Segment Start: Data to process

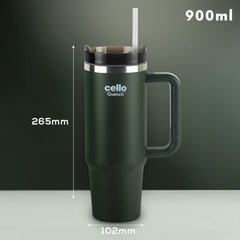 Quench Tumbler Water Bottle with Lid and Straw, 900ml Military Green / 900 ml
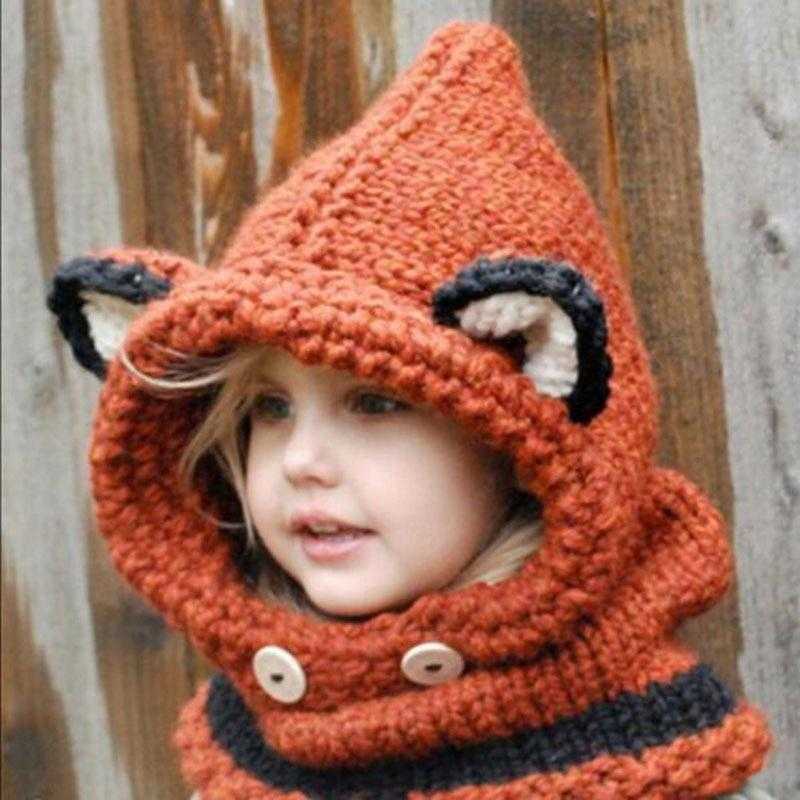 Paris-Chapeau bonnet Orange Capuche écharpe en laine très chaud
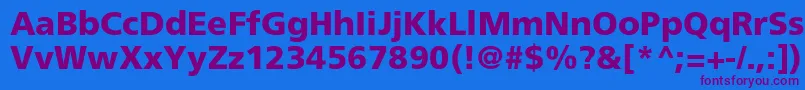 FrutigerLt75Black Font – Purple Fonts on Blue Background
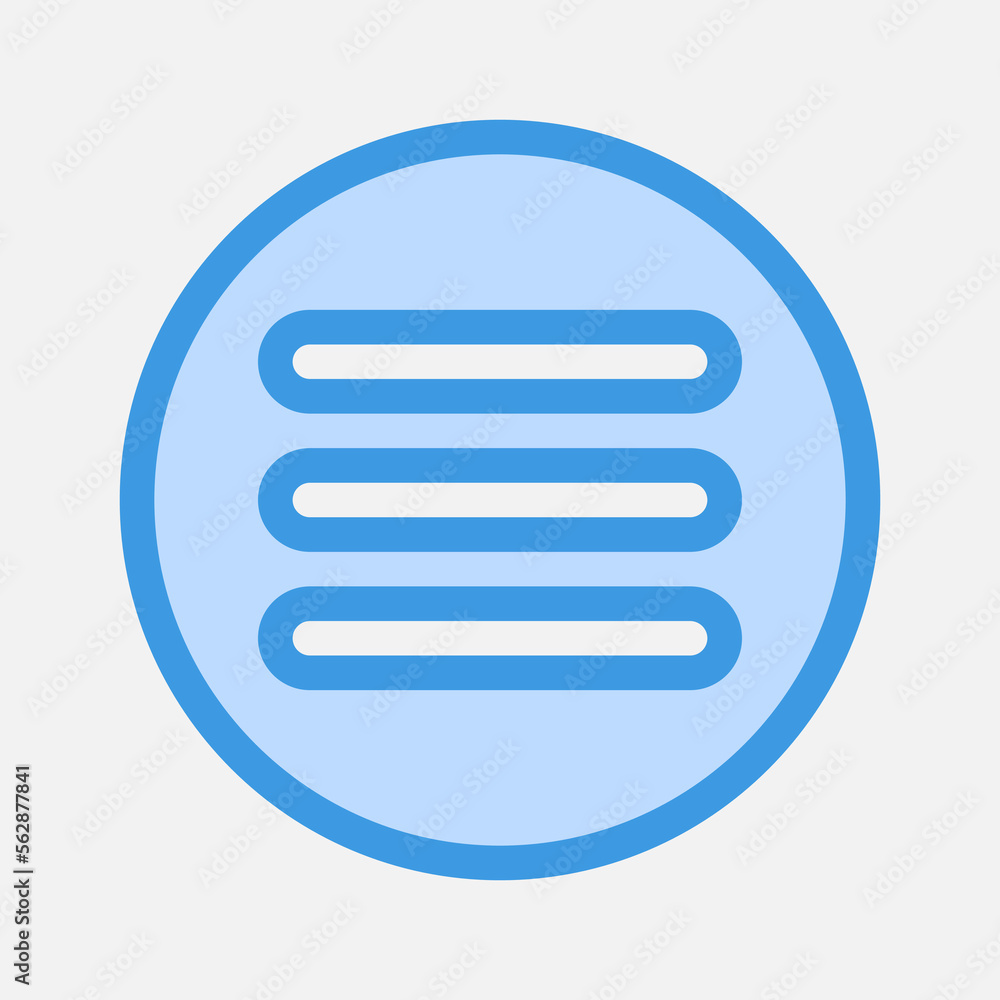 Menu icon in blue style about essentials, use for website mobile app presentation Menu icon in blue style about essentials, use for website mobile app presentation
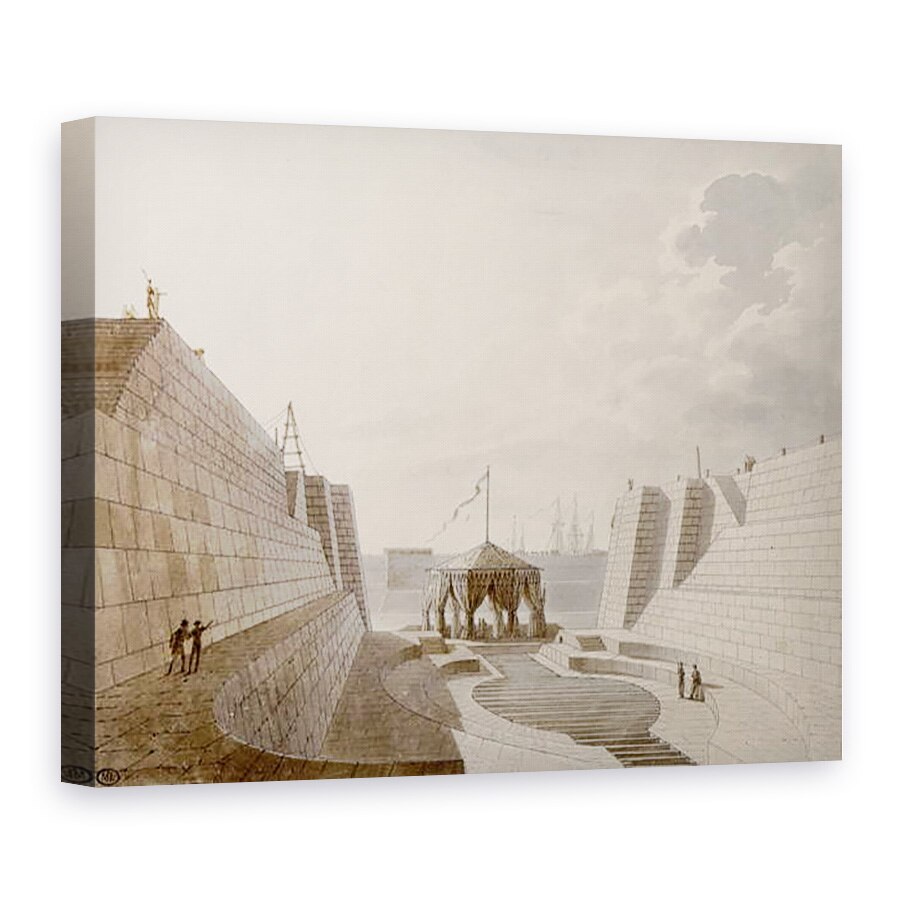 Tablou canvas - Jean-Baptiste Isabey - Dock uscat la Cherbourg, 75 x 100 cm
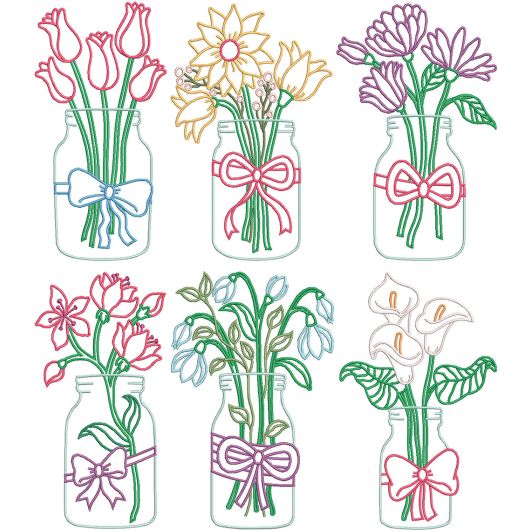 Floral Mason Jars Line Art | Machine Embroidery Designs by JuJu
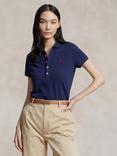 Polo Ralph Lauren Julie Slim Fit Short Sleeve Cotton Polo Shirt, Navy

Segment End: Data to process

◆ **Goal of the exercise**:
Only the lines from the one with "Tablou canvas - Jean-Baptiste" through the final line of the data should be written out, exactly and including both ends. Skip the pictures.

◆ **Response**:
 Tablou canvas - Jean-Baptiste Isabey - Dock uscat la Cherbourg, 75 x 100 cm
 Floral Mason Jars Line Art | Machine Embroidery Designs by JuJu
 Polo Ralph Lauren Julie Slim Fit Short Sleeve Cotton Polo Shirt, Navy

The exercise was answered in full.